WHAT TO PRODUCE: Return only the lines of the data below from the line with "First pass with" up to and including the line with "If you're sore, use", exactly as written, with the pictures omitted.

____________________

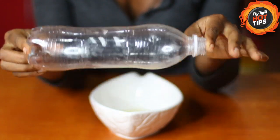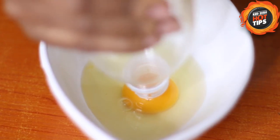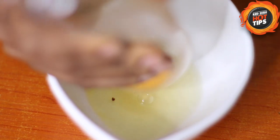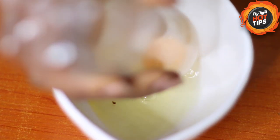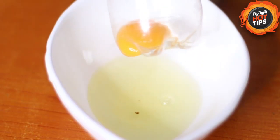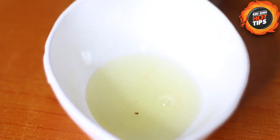All you need is a plastic bottle. You squeeze your plastic bottle and release the air — and that's your yolk in a plastic bottle.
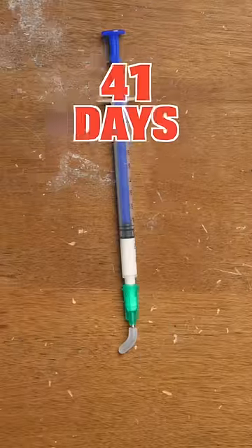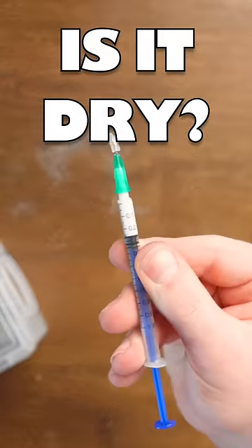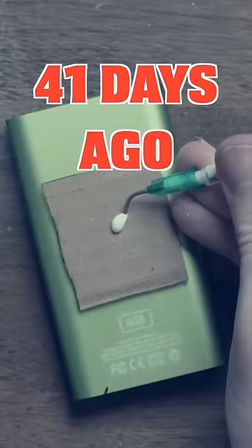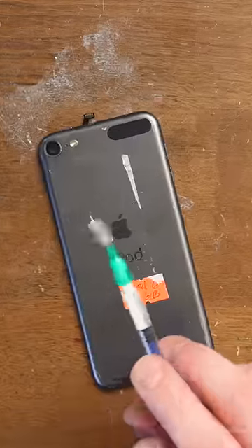This is a syringe with glue in it. I put it in there over a month ago, stored it in that drawer, and we're gonna test whether or not the glue has dried up. I bought these cheap syringes for applying glue and whatnot. Since they're cheap Chinese crap from Amazon, maybe they are no good. And that's what I'm gonna be testing right now.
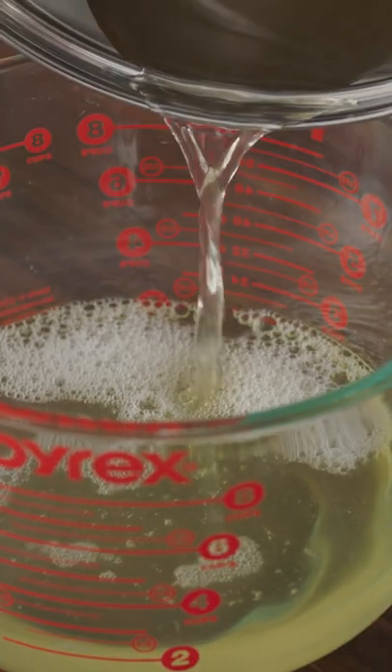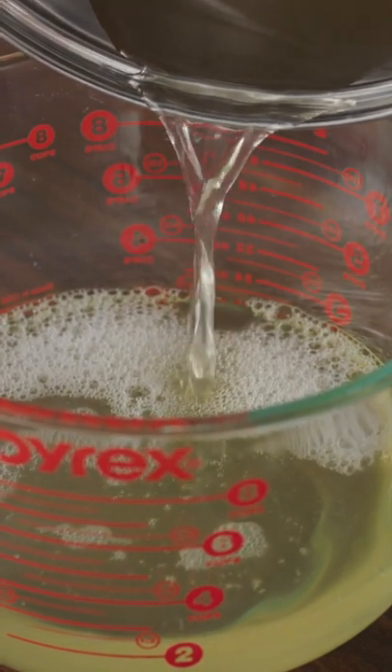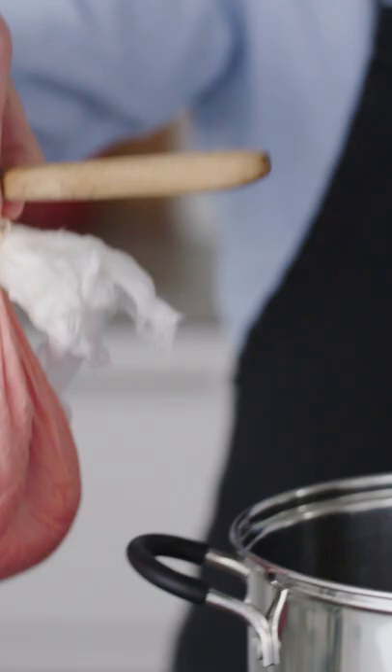An innocuous looking clear liquid with a yellow tint, tomato water absolutely pops with fresh tomato flavor and loads of umami. And it's simple to make. Just process tomatoes with a little salt, tie the mixture up in cheesecloth, and let it hang in the fridge overnight.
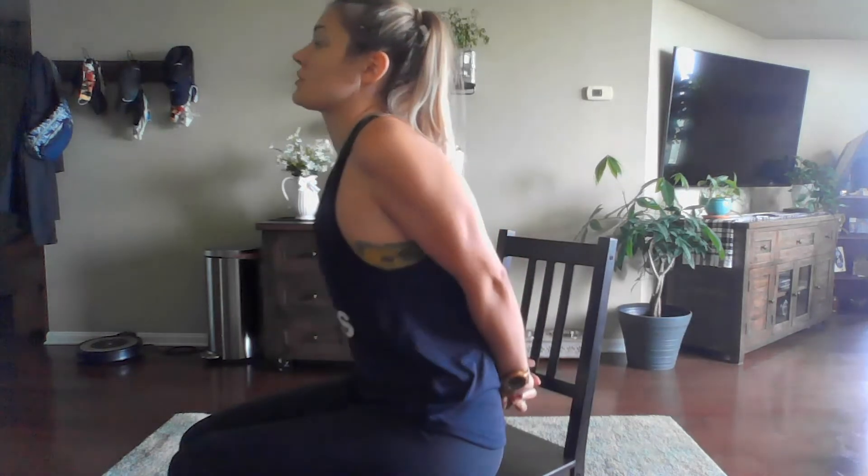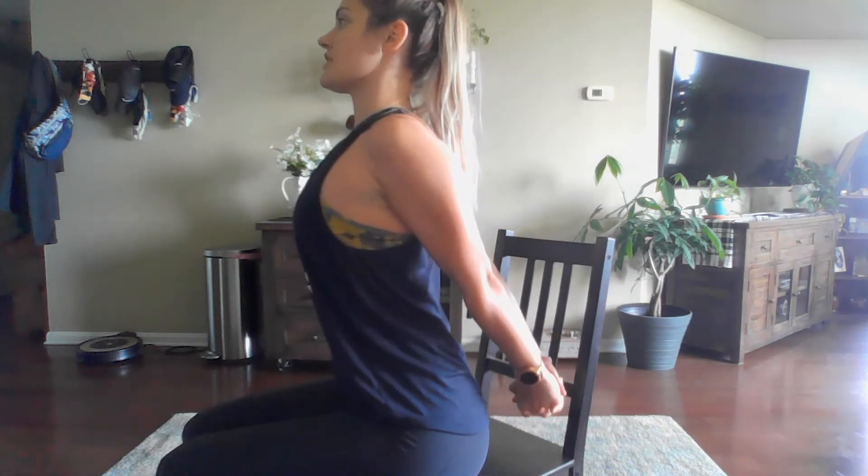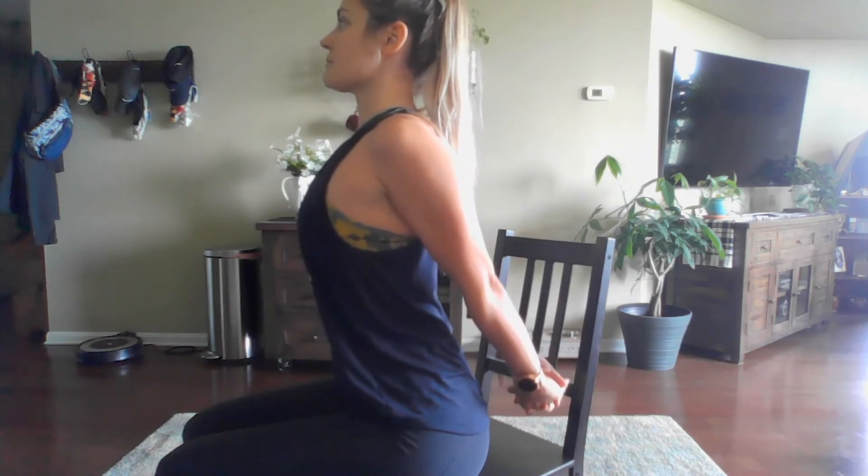All we're going to do is intertwine those fingers behind our back, and then we are going to inhale, push that chest forward towards the wall in front of us, trying to lift those hands off of our bum. We're holding here between 10 and 30 seconds, and repeating two to three times.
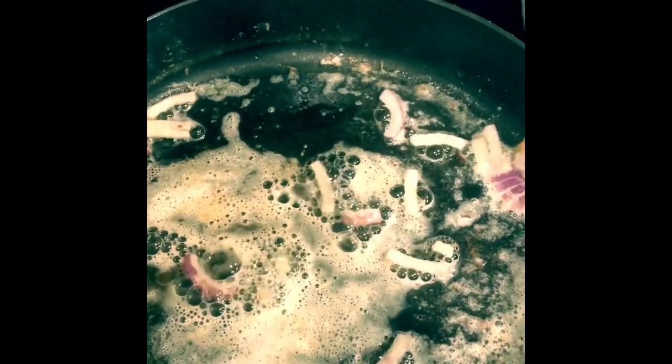Once the onions are browning, then we're going to add our minced garlic. Pop it in there. Now I put the pepper, the salt, the crushed red pepper, the Italian seasoning all together — I'm just going to dump that in there. We're going to mix that around and let this simmer for about 15 to 18 minutes.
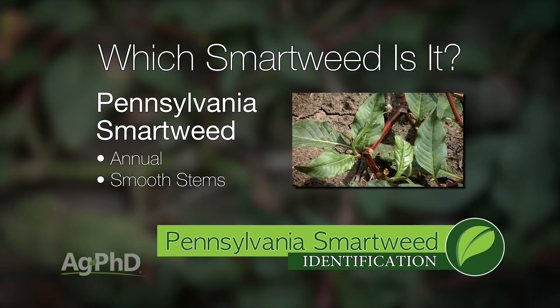Pennsylvania Smartweed is just an annual weed, and that's really the good news. Get it under control this year, keep it from going to seed, and you're in pretty good shape long term.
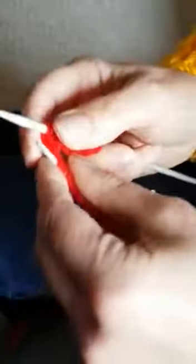I hope you're going to join me for the next episode of knitting and casting off.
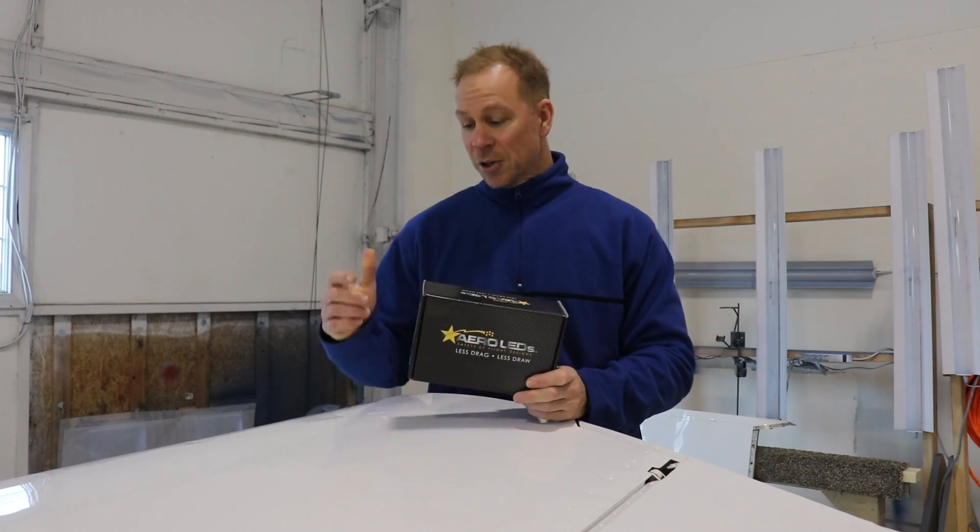Whereas the Aero LEDs are about the best you can get — they're super bright and you can see them during the daylight. So I just want to do a little upgrade to the Mooney and put these lights on the wings.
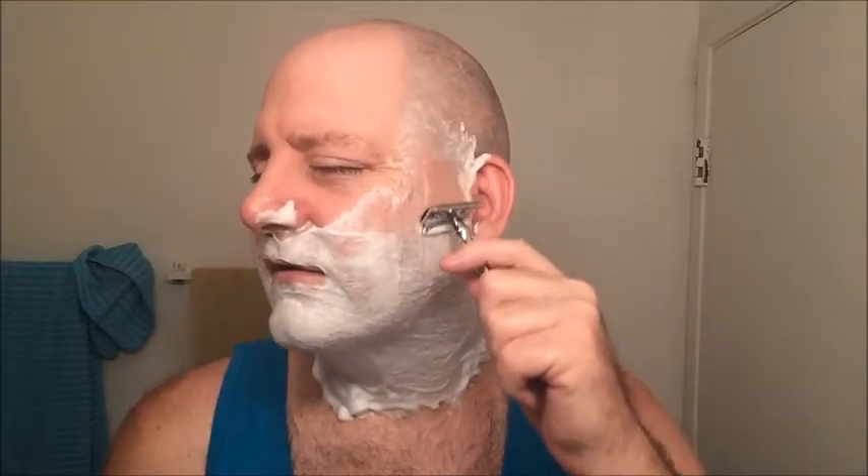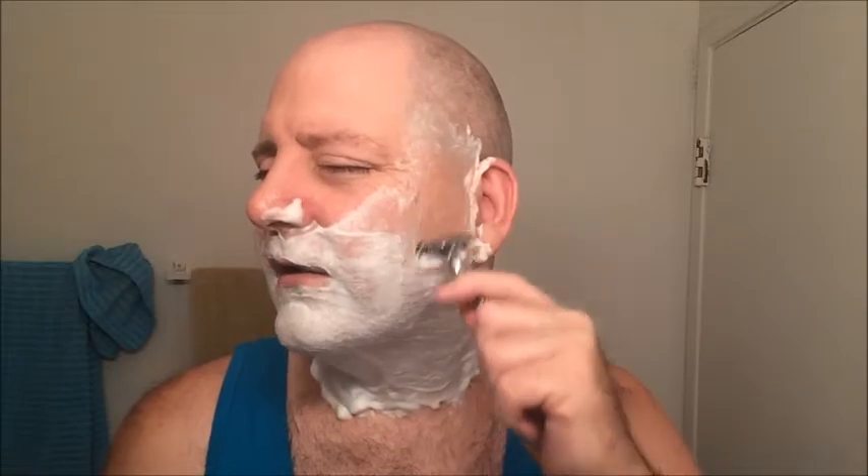First pass with the grain here on the left. Now the slant — as you can see, the blade slants down. If you take this head apart, the base plate looks like it's been twisted, but that's what gives it that slant, and it's very efficient.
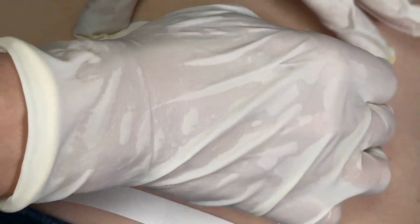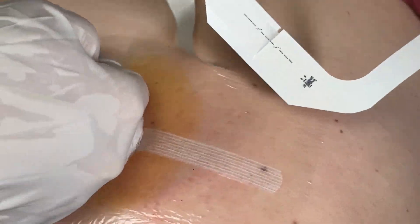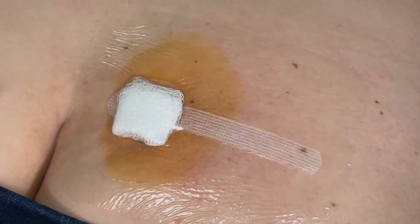If you're sore, use ice. You might have some bruising and some soreness, but that should all go away. And there we go — you are done!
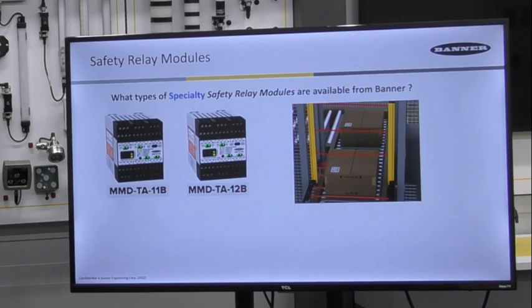Once the packages are cleared from the light curtain, the light curtain goes active again because muting is no longer available. All of those things — including the light curtain and the mute sensors — are connected to these MMD modules. The MMD-TA-11B has relay contacts rated for 6 amps, much the same as our other modules. If you want solid state outputs instead of relay contacts, you would select the MMD-TA-12B.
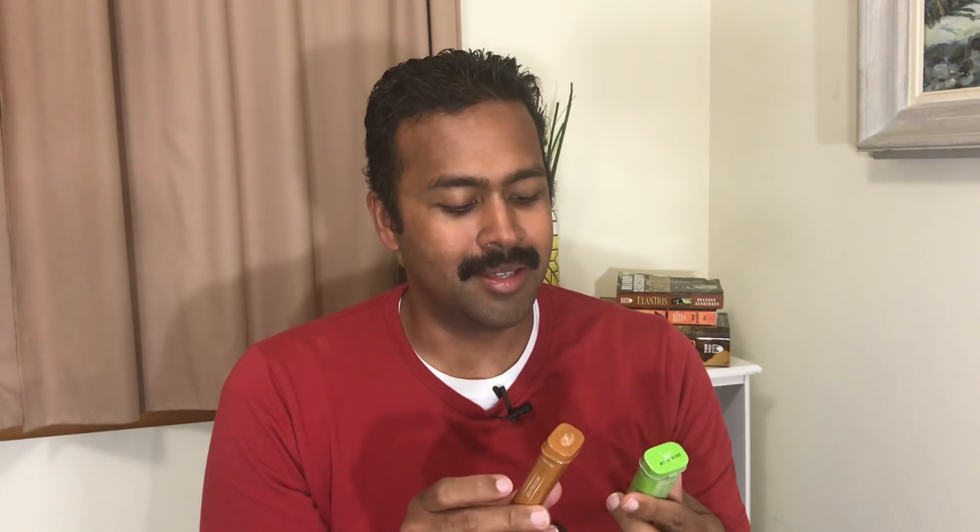Next up are Viter Energy mints. My idea behind testing these is not for the breath mint aspect, but for the caffeine. I was thinking it would be nice to get up at camp, eat something — I usually eat a bar — and have some kind of caffeine supplement. So let's see what this one is.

____________________

OUTPUT:
First pass with the grain here on the left. Now the slant — as you can see, the blade slants down. If you take this head apart, the base plate looks like it's been twisted, but that's what gives it that slant, and it's very efficient.
If you're sore, use ice. You might have some bruising and some soreness, but that should all go away. And there we go — you are done!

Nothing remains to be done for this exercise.